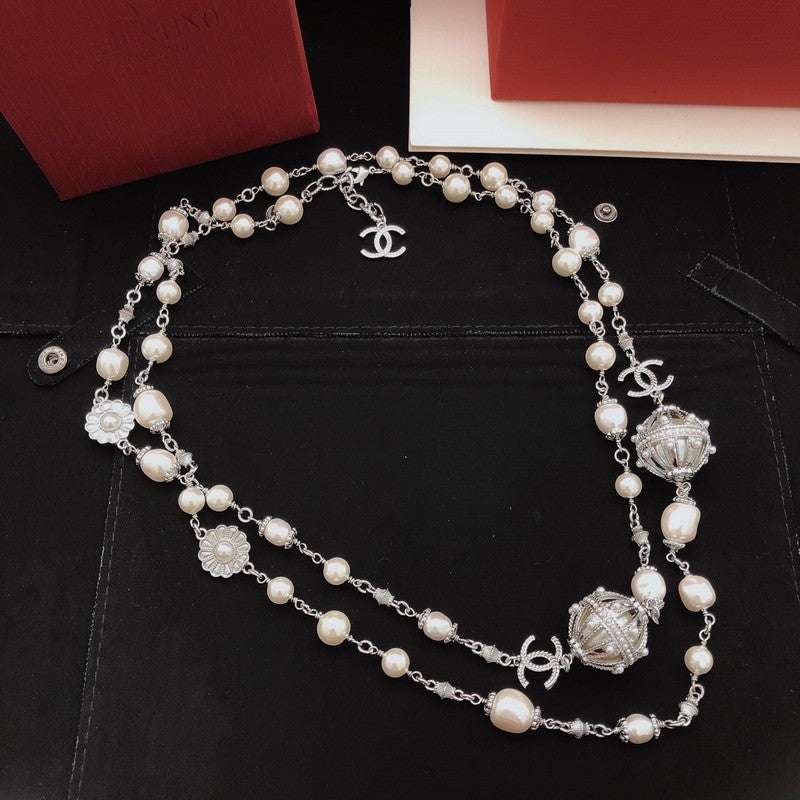CC Pearl Long Necklace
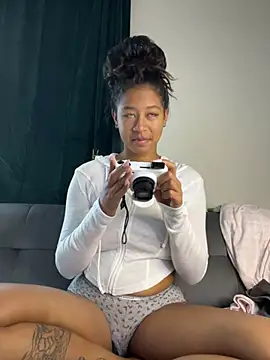 VanessaBling online show from 26, 1, 2025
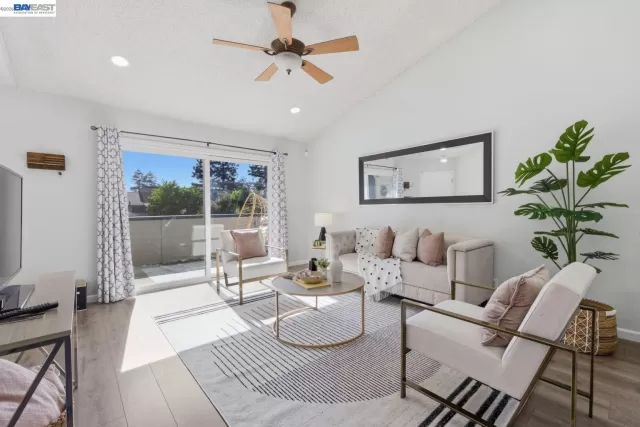 MLS: 41140286 Condo For Sale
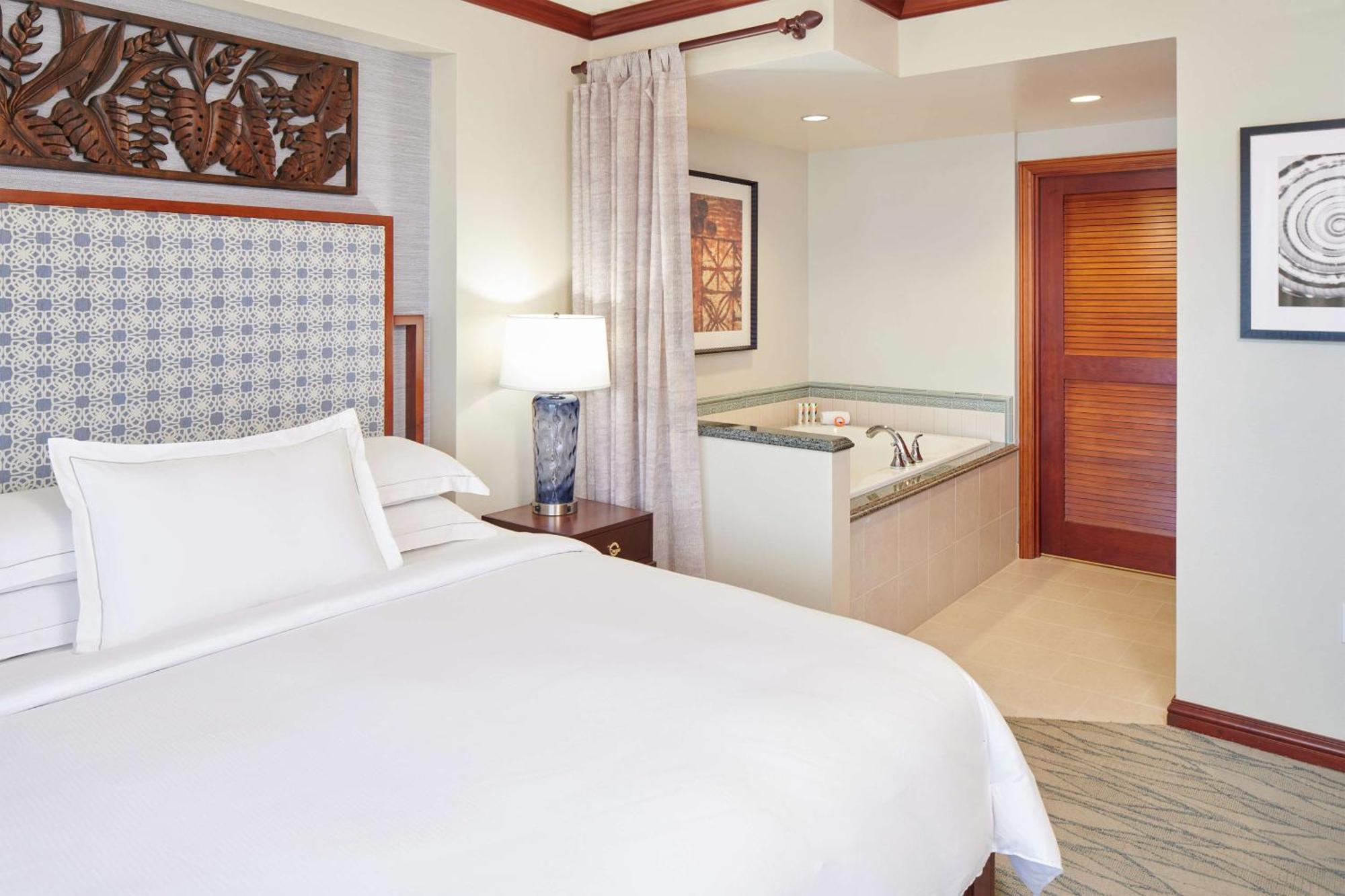 Отель Hilton Grand Vacations Club Grand Waikikian Гонолулу Экстерьер фото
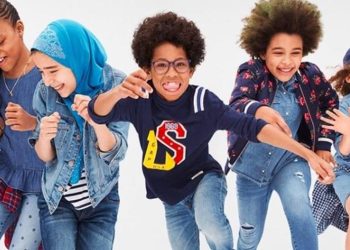 bambina-velo-pubblicita-scuola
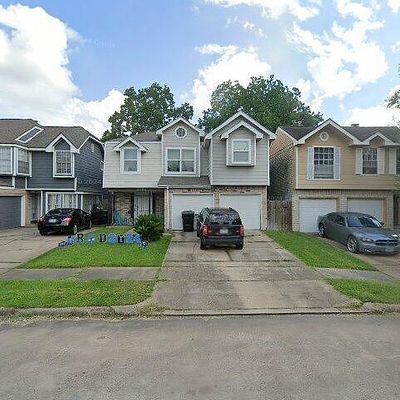 6406 Chatham Island Ln, Houston, TX 77035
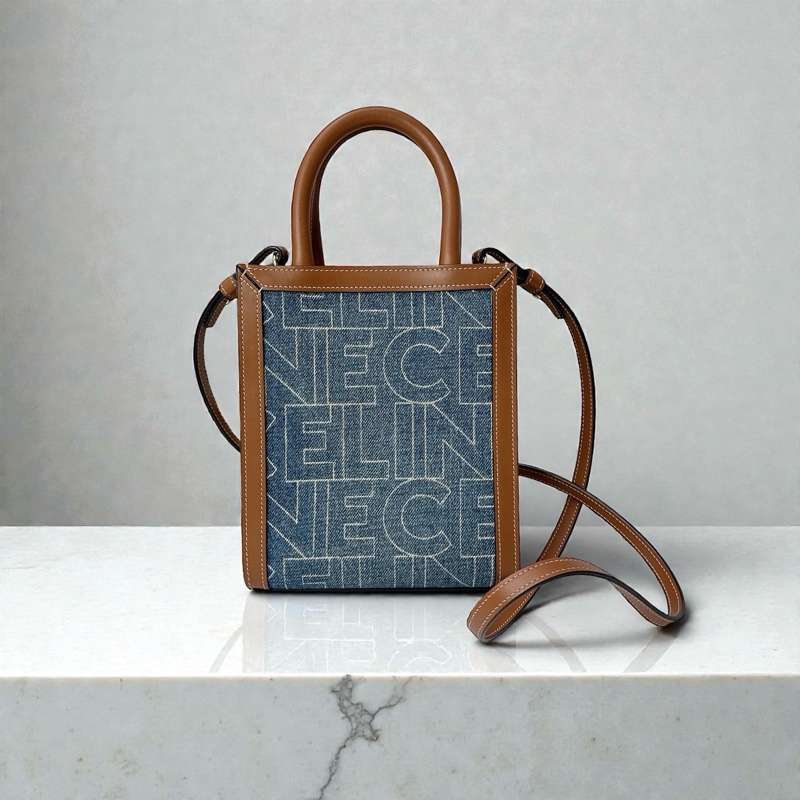 莉亞精品♡ Celine 牛仔琴譜包 二手-0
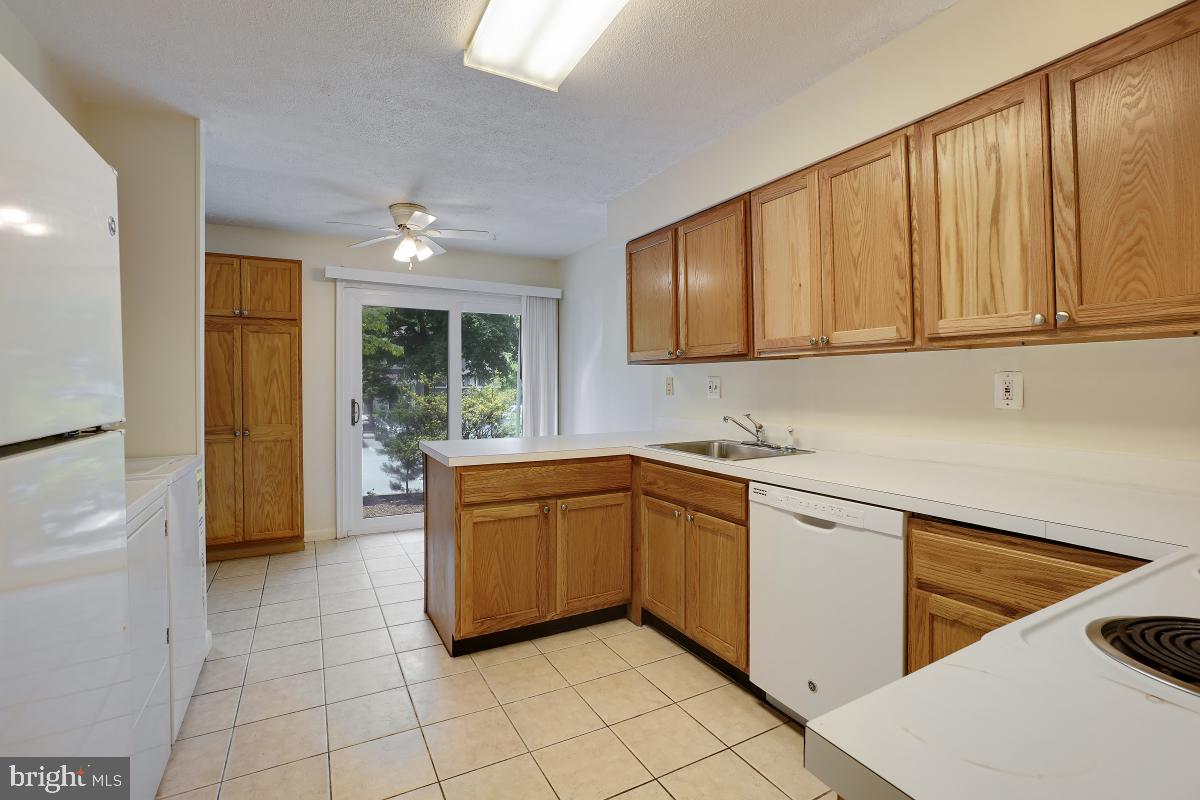 12180 Sanibel Ct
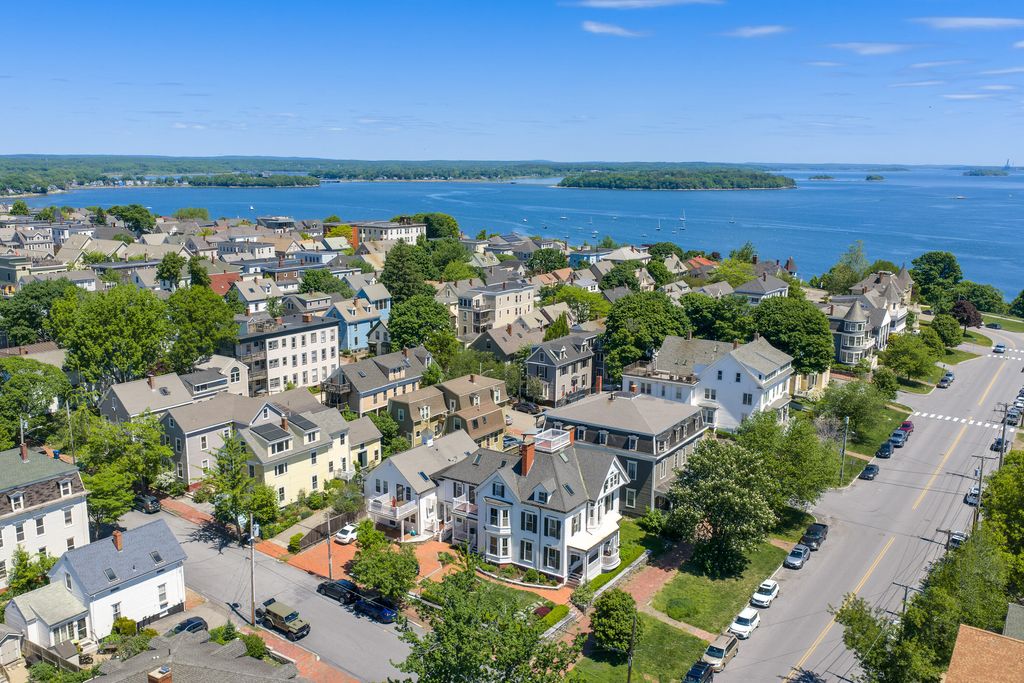 22 Eastern Promenade 1, Portland, ME 04101 — photo 3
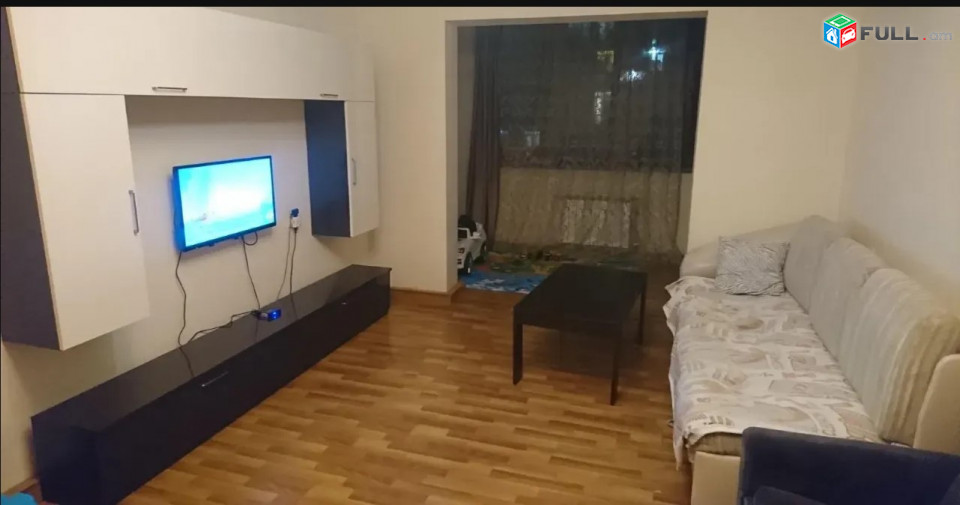 LA07542 Վարձով 3 սենյականոց բնակարան Դավթաշեն 4 թաղամաս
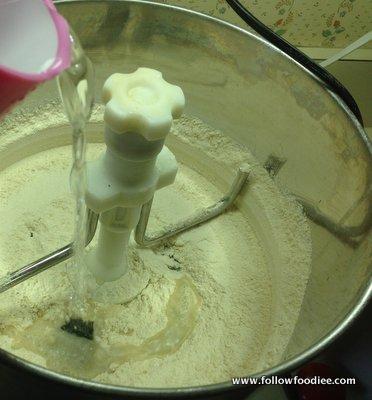 HOW TO KNEAD ATTA  ( CHAPATI DOUGH ) IN WET GRINDER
---*---
EXERCISE GOAL: Extract only the lines from the line containing "bambina-velo-pubblicita-scuola" through the final line of the listing above, unchanged; pictures stay out of the copy.

OUTPUT FOR THIS TASK:
 bambina-velo-pubblicita-scuola
 6406 Chatham Island Ln, Houston, TX 77035
 莉亞精品♡ Celine 牛仔琴譜包 二手-0
 12180 Sanibel Ct
 22 Eastern Promenade 1, Portland, ME 04101 — photo 3
 LA07542 Վարձով 3 սենյականոց բնակարան Դավթաշեն 4 թաղամաս
 HOW TO KNEAD ATTA  ( CHAPATI DOUGH ) IN WET GRINDER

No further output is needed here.